The International Press Institute (IPI), the global network of editors, media executives and leading journalists for press freedom, today called on authorities in Gambia to immediately re-open two radio stations closed in the wake of anti-government protests and drop politically motivated charges against their staff.

On Sunday, radio stations Home Digital FM and King FM were raided and shut down by police, who accused both outlets of “broadcasting incendiary” messages and inciting violence in their reporting of the demonstrations, Saikou Jammeh, secretary general of the Gambia Press Union (GPU), told IPI.

Just after noon, a dozen armed officers raided the headquarters of Home Digital FM in the city of Brikama, ordered staff to cease operating immediately and arrested the station’s manager, Pa Modou Bojang, Jammeh said.

Hours later police also raided the Tallinding-based King FM and ordered staff to leave the building immediately, arresting reporters Ebrima Jallow and Madiou Jallow, and manager Gibbi Jallow.

The raids came as security forces in the nearby Gambian capital Banjul used tear gas and rubber-coated bullets to disperse thousands of protesters who were calling on president Adama Barrow to step down.

All four were held behind bars without access to lawyers for over 48 hours, Jammeh told IPI, in what he called an “unlawful” attempt to intimidate media and restrict access to information on the protests.

They were charged with “incitement to violence” and released on bail on Tuesday afternoon, Jammeh added. Both King FM and Home Digital FM have denied airing incendiary material, he said. Both outlets remain sealed off by armed police.

“These closures and arrests are a clear attempt to suffocate news reporting on the protests and constitute a clear attack on media freedom”, IPI Director of Advocacy Ravi R. Prasad said. “We call on Gambian authorities to drop the charges against all four staff and to immediately revoke the closure of both Home Digital FM and King FM.”

In a letter to the African Union special rapporteur on freedom of expression and access to information, Lawrence Mute, IPI urged the Commission to intervene to secure the release of journalists and allow the two radio stations to be come back on air.

Hopes for democratic transition in jeopardy

Adama Barrow rose to power in the tiny West African country during a hotly contested presidential election in 2017, in which he unseated long-serving president Yahya Jammeh, one of Africa’s most notorious dictators.

During a transitional peace deal with the opposition coalition, Barrow pledged to step down after three years in power.
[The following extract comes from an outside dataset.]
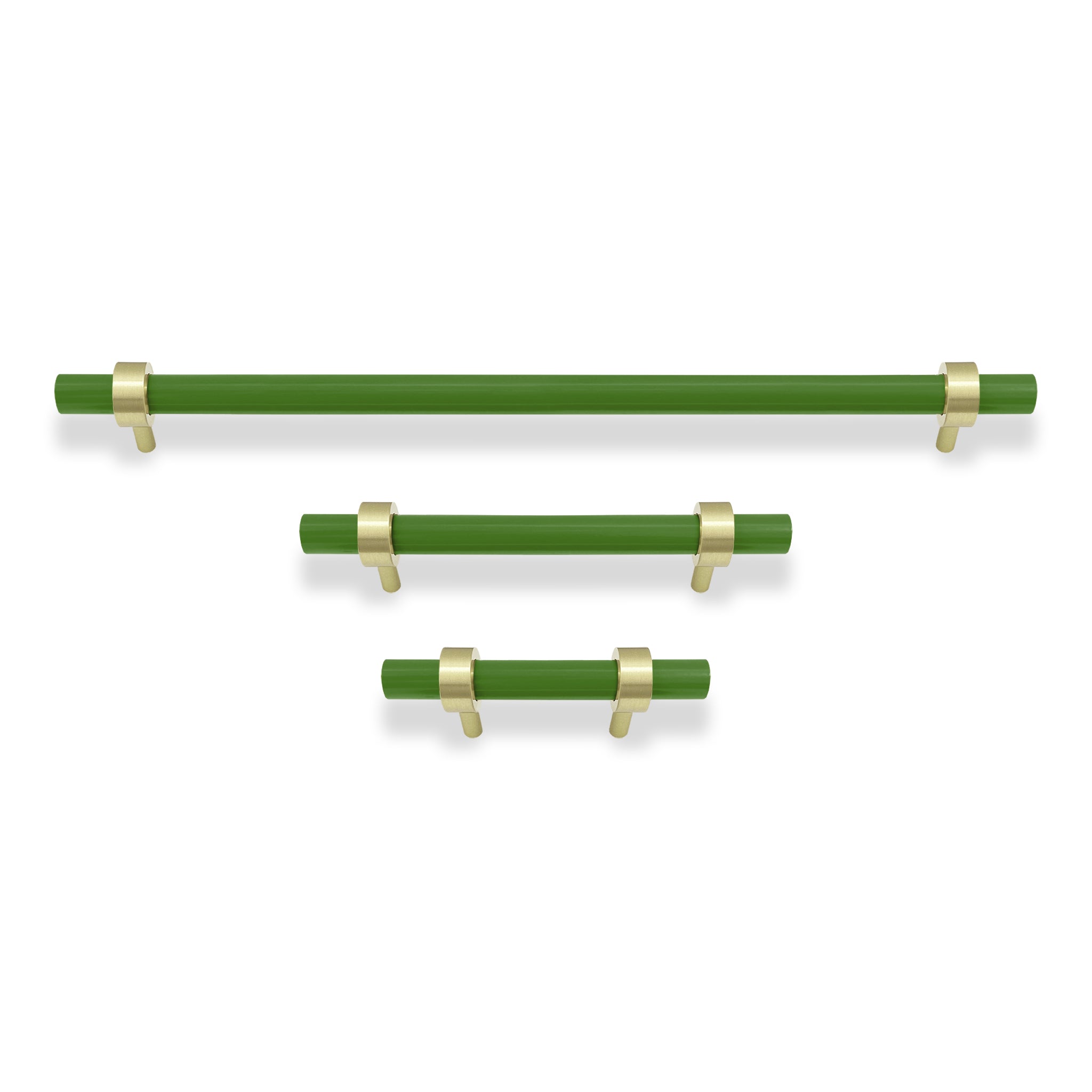 Brass and python green color Caliber pull Dutton Brown hardware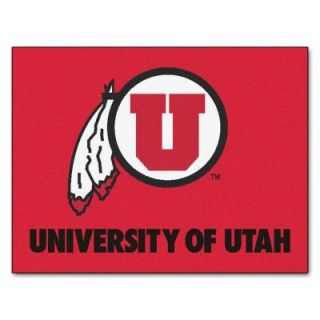 FANMATS University of Utah 2 ft. 10 in. x 3 ft. 9 in. All Star Rug 3128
Last year however, he announced his intention to serve the full five-year presidential term, sparking widespread anger which has morphed into episodic street protests under the banner “Three Years Jotna movement” (Three Years Enough).

Over the weekend, protesters again clashed with security forces, leading to the arrest of at least 137 people and the reported deaths of three people.

During the demonstrations on Sunday, protesters also attacked and physically assaulted Sankulleh Janko, a reporter for Dakar-based West Africa Democracy Radio, Jammeh told IPI. The group forcefully took his equipment and mobile phone, he added.

Earlier that day, authorities also revoked the accreditation of Al Jazeera correspondent Nicolas Hague on grounds that the channel demonstrated pro-opposition bias in its reporting.

The GPU called the move against Home Digital FM and King FM as “the most aggressive attack on press freedom” since Barrow assumed office in 2017.

“Yesterday’s attacks bring to memory twenty-years of the brutal repression of the media”, it said in a statement. “The modus operandi of this government bears the hallmark of the tactics used by the former government in its disregard for press freedom and the rule of law.”

Jammeh told IPI the Press Union is preparing to file proceedings in court to have the two radio stations reopened.